He's going to have an auction. They actually bring more than what you can get on Ebay.


----------



## JGalt (Jan 18, 2021)

Anomalism said:


> JGalt said:
> 
> 
> > I'm not poor. I have lots of stuff. Stuff you've never seen before, stuff you've never even heard of, and stuff you'll never see. My house, garage, and shed are museums.
> ...



Every day, as much as I can find time to. Sometimes I just admire all my wonderful stuff. Sometimes I even fill the bathtub with some of it and wallow around in it.


----------



## progressive hunter (Jan 18, 2021)

Blues Man said:


> Why are people so consumed with their stuff?
> 
> Is it just that we have been conditioned by our consumption based society?
> 
> ...


BEHOLD,, MY STUFF!!!

I guess you could say I have a lot of stuff since it took 3000 sq ft to house it and none of its in my house,,

but all my stuff makes money,, I only buy tools that do more than pay for themselves,,

now my wife on the otherhand doesnt understand that concept and I have to constantly keep on her to not bring more stuff into the house,,


----------



## progressive hunter (Jan 18, 2021)

Anomalism said:


> People think their stuff is some measure of their worth.

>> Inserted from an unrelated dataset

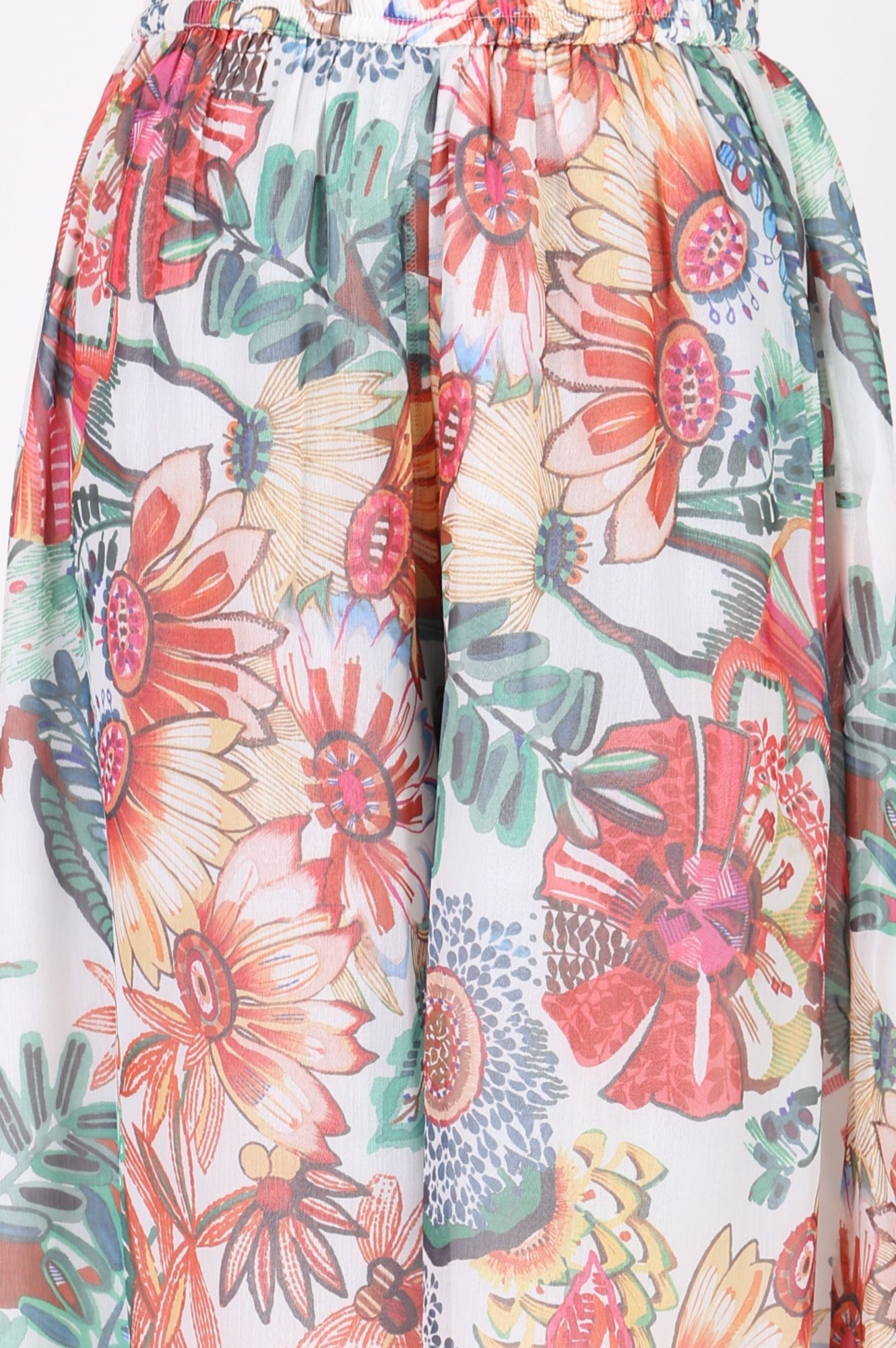 White Floral Printed Chiffon Sleeveless Flared Kurta with Pants and Dupatta Set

thats exactly how worth/wealth works,,,


----------



## Anomalism (Jan 18, 2021)

progressive hunter said:


> thats exactly how worth works,,,



Material worth maybe.


----------



## JGalt (Jan 18, 2021)

progressive hunter said:


> Blues Man said:
> 
> 
> > Why are people so consumed with their stuff?
> ...



Now here's someone who gets it.


----------



## JGalt (Jan 18, 2021)

Like was once said, "For the want of a nail, the shoe was lost."


----------



## progressive hunter (Jan 18, 2021)

Anomalism said:


> progressive hunter said:
> 
> 
> > thats exactly how worth works,,,
> ...


thats how the majority of wealth is determined,,


----------



## Blues Man (Jan 18, 2021)

progressive hunter said:


> Anomalism said:
> 
> 
> > People think their stuff is some measure of their worth.
> ...


It depends on what the stuff is.

All those drawers and closets full of crap aren't worth much but a single portfolio of stocks, bonds and real estate deeds can be worth more than all the stuff in your home


----------



## Blues Man (Jan 18, 2021)

progressive hunter said:


> Anomalism said:
> 
> 
> > progressive hunter said:
> ...



I have never met anyone who got wealthy selling the junk in his garage.

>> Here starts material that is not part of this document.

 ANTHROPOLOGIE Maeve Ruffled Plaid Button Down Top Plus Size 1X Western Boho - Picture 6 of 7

And wealth is a measure of your net worth as it is measured today.

It doesn't matter how much stuff you have.

But I was more commenting on the propensity of people to buy things that will not ever be an investment or an asset that will appreciate in value.


----------



## progressive hunter (Jan 18, 2021)

Blues Man said:


> progressive hunter said:
> 
> 
> > Anomalism said:
> ...


it all depends on what that stuff in those drawers is,, a drawer full of gold coins or a closet/room full of antique furniture is worth a lot,,


----------



## progressive hunter (Jan 18, 2021)

Blues Man said:


> progressive hunter said:
> 
> 
> > Anomalism said:
> ...


my mother in law had a garage sale that netted over 100K,,,


----------



## JGalt (Jan 18, 2021)

Blues Man said:


> progressive hunter said:
> 
> 
> > Anomalism said:
> ...



You're confusing hoarders with collectors. I seldom ever buy anything unless it's something I can use, admire, trade, or sell.


----------



## Blues Man (Jan 18, 2021)

progressive hunter said:


> Blues Man said:
> 
> 
> > Why are people so consumed with their stuff?
> ...


So you have 3000 sf full of tools that make money?

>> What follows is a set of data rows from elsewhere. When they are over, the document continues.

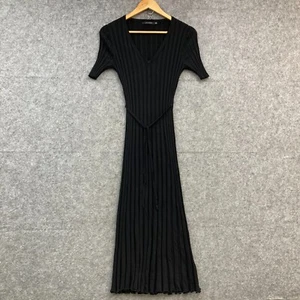 Portmans Dress Womens XS Black Ribbed Knit Midi Bodycon Short Sleeve Belt 46213 - Picture 1 of 9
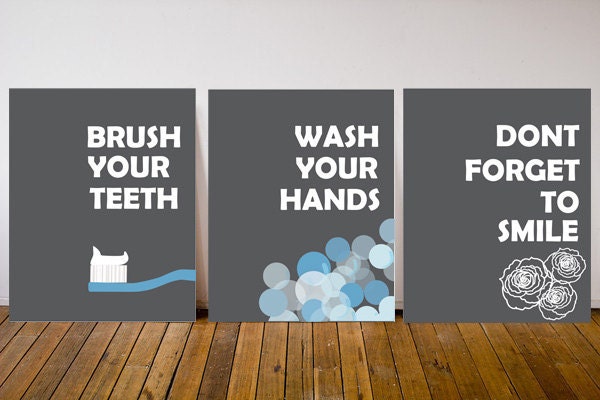 Modern Washroom Commandments Art Print 8x10 Set Of 3 Brush Your Teeth Wash Your Hands Don't Forget To Smile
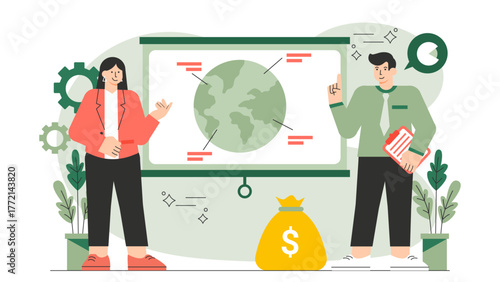 Worldwide Trade and Global Economy Concept Flat Vector Illustration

You have to use tools in order for them to make money.  If you have a shop full of tools gathering dust then all you have is a shop full of stuff collecting dust


----------



## Blues Man (Jan 18, 2021)

progressive hunter said:


> Blues Man said:
> 
> 
> > progressive hunter said:
> ...



Hardly the average.  And did it really net that or was that the gross?  Most people have no idea what they paid for the junk that has been in their garage for 50 years


----------



## progressive hunter (Jan 18, 2021)

Blues Man said:


> progressive hunter said:
> 
> 
> > Blues Man said:
> ...


some are collecting dust until I decide to use or sell them,, either way they are of value


----------



## Blues Man (Jan 18, 2021)

JGalt said:


> Blues Man said:
> 
> 
> > progressive hunter said:
> ...



All hoarders say they are collectors.

But you seem to get enjoyment from stuff so in that sense it's worth something to you.


----------



## Blues Man (Jan 18, 2021)

progressive hunter said:


> Blues Man said:
> 
> 
> > progressive hunter said:
> ...



Maybe.


----------



## progressive hunter (Jan 18, 2021)

Blues Man said:


> progressive hunter said:
> 
> 
> > Blues Man said:
> ...


not much different than a million dollar painting hanging in the bathroom,,


----------



## BlueGin (Jan 18, 2021)

Anomalism said:


> People think their stuff is some measure of their worth.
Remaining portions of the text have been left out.